Conhecidas as propriedades do material, faltava validar o comportamento do conjunto completo - crenco e eixo montados - nas condições reais de utilização previstas pela norma. Para isso, combinou-se ensaios experimentais de deformação, com aplicação de força vertical alternada segundo a ISO 4210-8:2014, com simulação numérica por elementos finitos, modelando os crencos como corpos rígidos e o eixo como corpo deformável, figura 4. O comportamento plástico do eixo foi descrito por uma lei de plasticidade isotrópica não linear do tipo Voce [4], calibrada diretamente com os dados experimentais obtidos nos ensaios de tração do M-E.
A análise da distribuição de tensões equivalentes de von Mises mostra que a tensão máxima se localiza na zona de transição geométrica entre o veio e o ajuste do crenco ativo, situando-se significativamente abaixo do limite de saturação do material. Mais relevante ainda, o campo de deformações plásticas apresentou valor nulo em todos os componentes, ou seja, a deformação total resume-se integralmente à parcela elástica, sem qualquer parcela plástica residual. Isto significa que, sob a carga normativa, o eixo recupera integralmente a sua geometria a cada ciclo de pedalada, cumprindo com margem de segurança os requisitos de rigidez e de resistência à fadiga definidos pela norma.
Um componente que trabalha em regime plástico acumula dano a cada ciclo de carga, mesmo que a rotura só surja muito mais tarde, sendo este um dos mecanismos que está por trás da generalidade das falhas por fadiga em componentes de bicicleta. Confirmar que a deformação plástica se mantém em zero, ciclo após ciclo, é a garantia de que o eixo em M-E vai cumprir com o seu ciclo de vida útil.
Em geral, os resultados desenham um retrato coerente e favorável para o novo material. A composição química cumpre a norma de referência, a microestrutura corresponde ao esperado para o processo de extrusão, a dureza é homogénea e as propriedades mecânicas superam os mínimos exigidos com folga suficiente para garantir robustez ao processo produtivo. A simulação numérica do conjunto crenco-eixo fecha o ciclo de validação, confirmando que a peça se comporta em regime puramente elástico sob a carga mais exigente prevista na norma ISO 4210-8:2014.

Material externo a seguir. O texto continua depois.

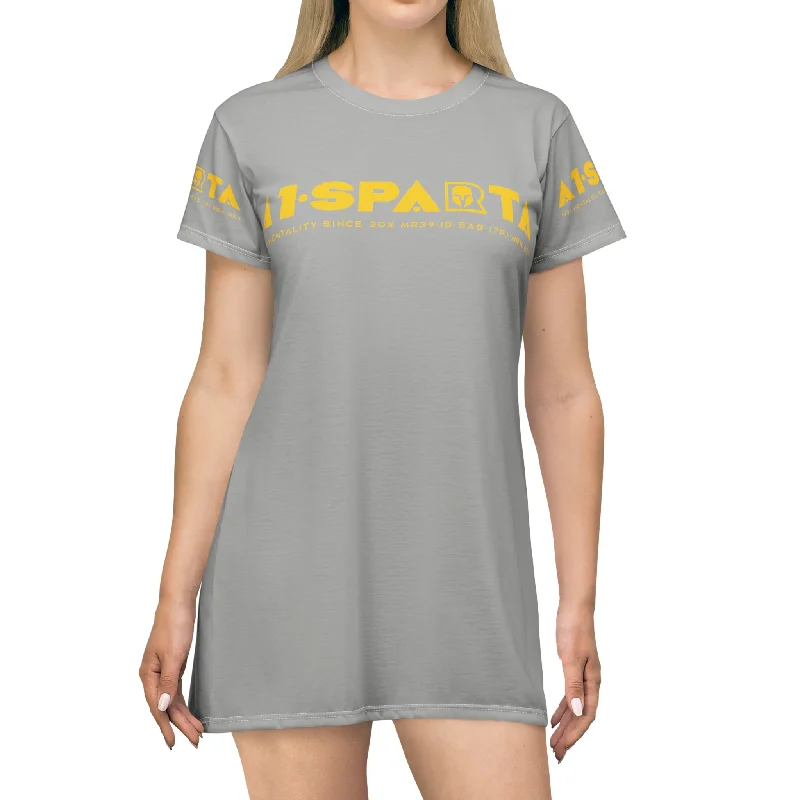 A1-Sparta T-Shirt Dress (AOP) Striped Floral Plaid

Para a Miranda & Irmão, este trabalho traduz-se numa base técnica sólida para avançar com a produção de eixos mais leves sem abdicar de segurança ou de durabilidade, posicionando a indústria portuguesa de duas rodas na vanguarda da mobilidade elétrica e do desporto de alto desempenho.
Agradecimentos
Os autores agradecem o financiamento do Projeto AM2R - Agenda Mobilizadora para a Inovação Empresarial do Setor das Duas Rodas (02/C05-i01.01/2022.PC644866475-00000012), cofinanciado pelo Plano de Recuperação e Resiliência (PRR), através da NextGenerationEU.